New Emerging Market ETFs

Moving into emerging market equities space, VelocityShares, an exchange traded note provider known for its inverse and leveraged futures-related products, launched three exchange traded funds that track developing economies.

According to a press release, VelocityShares launched three emerging market depositary receipt ETFs: VelocityShares Emerging Market DR ETF (NYSEArca: EMDR), VelocityShares Emerging Asia DR ETF (NYSEArca: ASDR) and VelocityShares Russia Select DR ETF (NYSEArca: RUDR). Each fund has a 0.65% expense ratio.

Depositary receipts are a type of financial instrument issued by a bank that represent a foreign company’s shares and are traded on a local stock exchange. Depositary receipts help make it easier for investors to access foreign companies. DRs issued by U.S. banks are known as ADRs. Since ADRs are traded on a U.S. exchange, the securities are subject to U.S. registration and disclosure requirements. [iShares: All About Emerging Market ETFs]

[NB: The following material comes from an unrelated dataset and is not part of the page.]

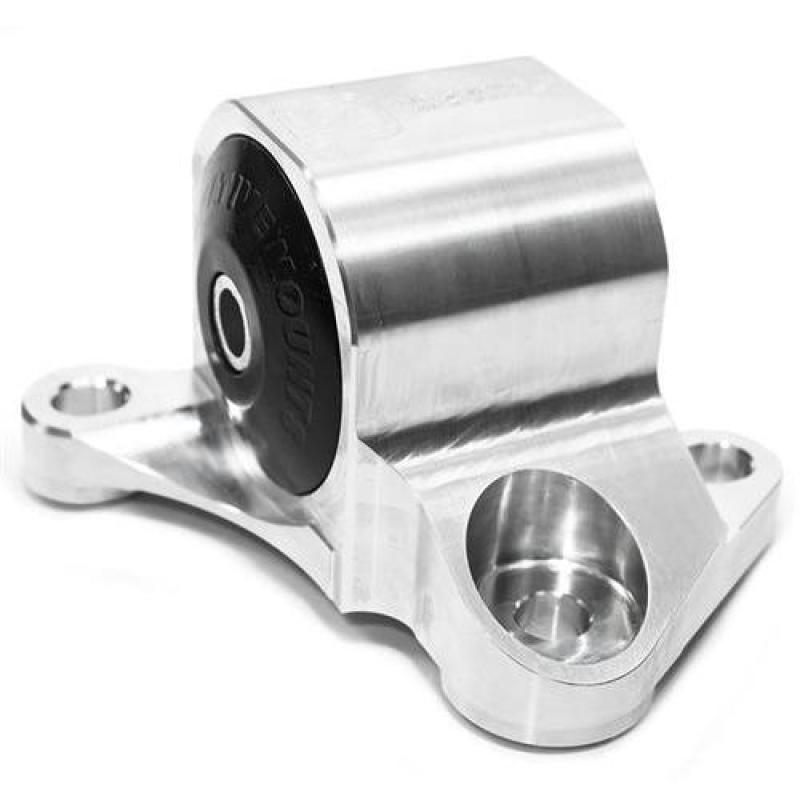 Innovative 97-01 CR-V B-Series Black Aluminum Mount 60A Bushing (RH Side Mount Only) - B10020-60A-BA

“As investors look to further diversify their portfolios there is increased interest in emerging market equities, and American Depositary Receipts (“ADRs”) and Global Depositary Receipts (“GDRs”) enable investors to access emerging market equities with the comfort of developed market securities regulation.” Nick Cherney, Chief Investment Officer and co-founder of VelocityShares, said in the press release.

The Emerging Market DR ETF EMDR’s top holdings include Samsung Electronics 10.0%, Taiwan Semiconductor 3.9%, China 3.5%, Gazprom 3.1% and Itau Unibanco 2.5%.

Sector allocations include oil & gas 21.2%, tech 20.9%, financials 16.9%, telecom 12.0%, materials 10.6%, consumer goods 5.6%, industrial 4.6%, consumer services 4.2%, utilities 3.4% and health care 0.6%.

Country allocations include Brazil 20.9%, S. Korea 16.7%, Russia 14.9%, China 14.8%, Taiwan 8.2%, India 7.1%, Mexico 6.7%, S. Africa 2.6% and Chile 2.8%.